(PROVIDED DATA Opens)

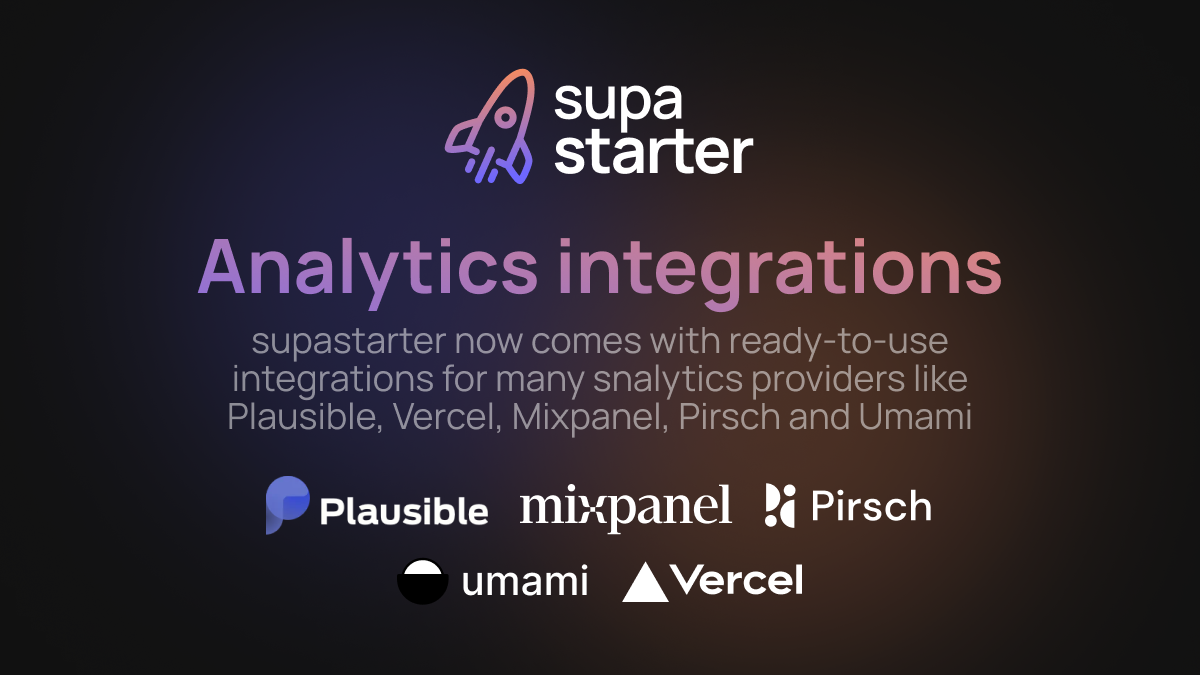 Integrate analytics for your SaaS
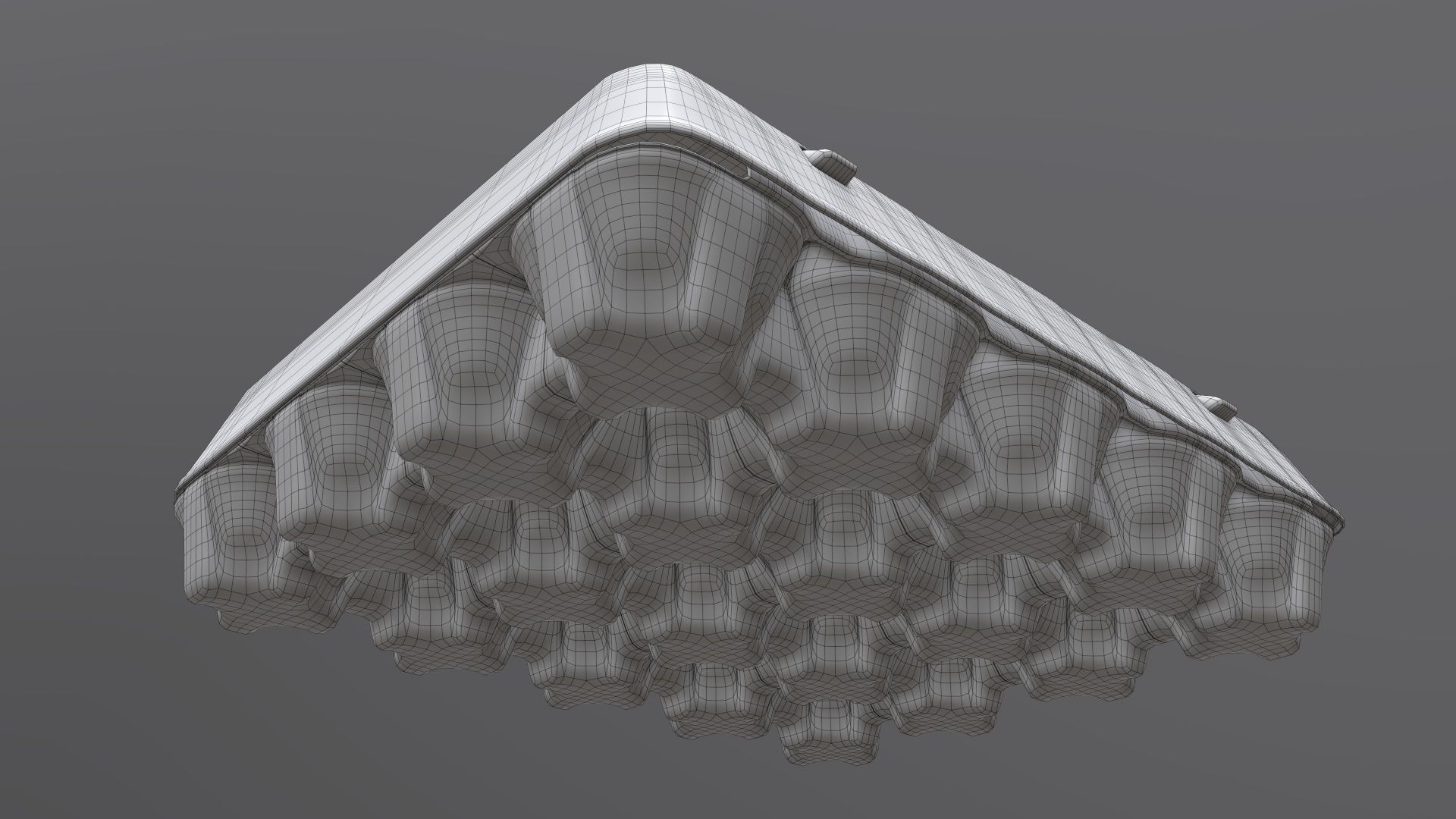 egg cardboard paper packages mock-up 3D Model Collection_22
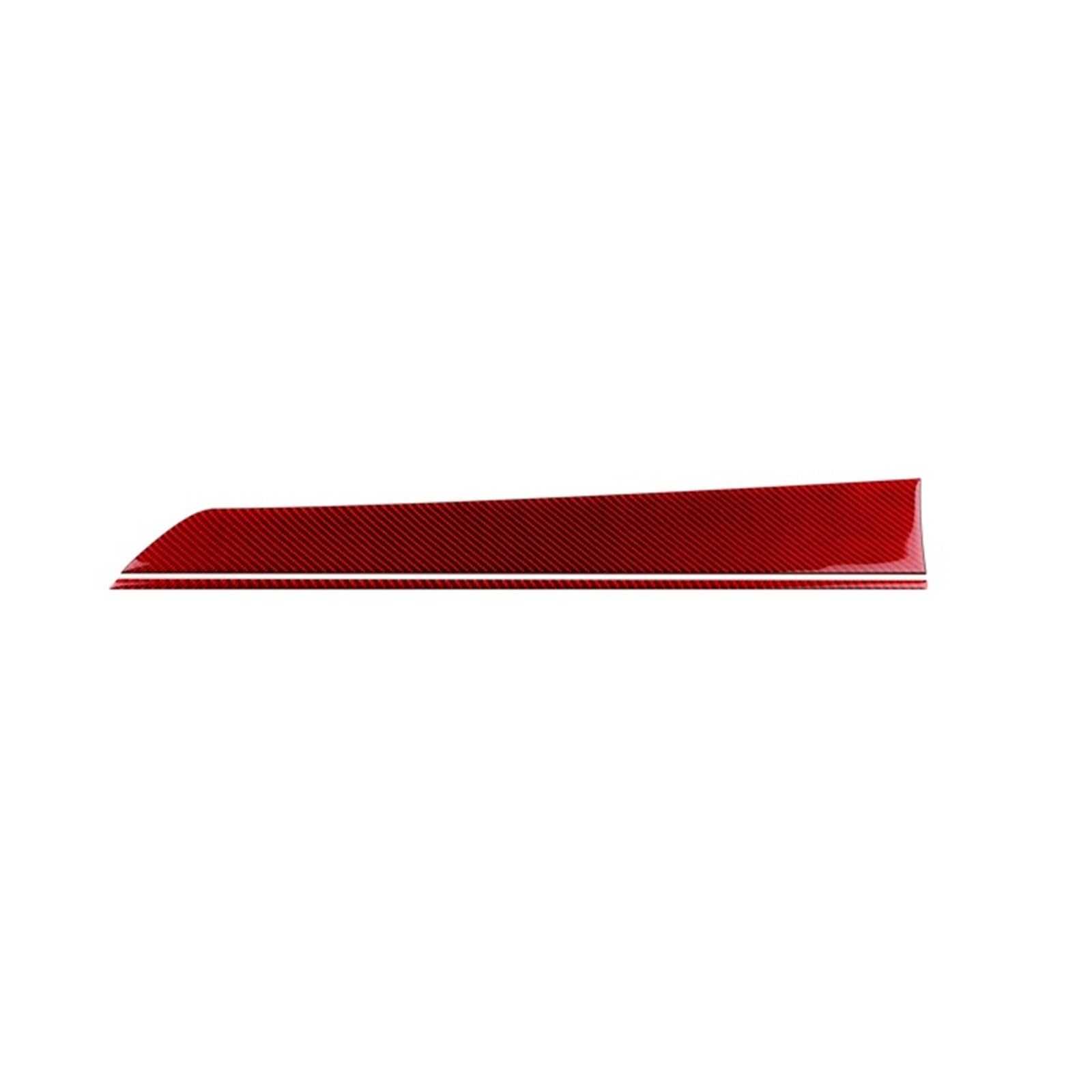 Xuanqingyi Store Carbon Fiber Auto Armaturenbrett Dekor Panel Aufkleber Kompatibel Mit WRX/Kompatibel Mit WRX Kompatibel Mit STI 2022-2025 Innen Trim Abdeckung Zubehör(For LHD Red) von SFHDFLUQ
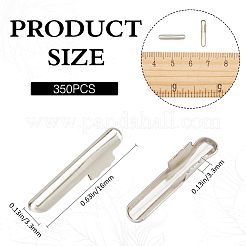 350Pcs Iron Folding Crimp Ends&nbsp;FIND-GF0006-97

(PROVIDED DATA Closes)

▸ EXERCISE DETAILS:
Set the preceding data down again word for word, omitting images.

▸ RESULT FOR THIS TASK:
 Integrate analytics for your SaaS
 egg cardboard paper packages mock-up 3D Model Collection_22
 Xuanqingyi Store Carbon Fiber Auto Armaturenbrett Dekor Panel Aufkleber Kompatibel Mit WRX/Kompatibel Mit WRX Kompatibel Mit STI 2022-2025 Innen Trim Abdeckung Zubehör(For LHD Red) von SFHDFLUQ
 350Pcs Iron Folding Crimp Ends&nbsp;FIND-GF0006-97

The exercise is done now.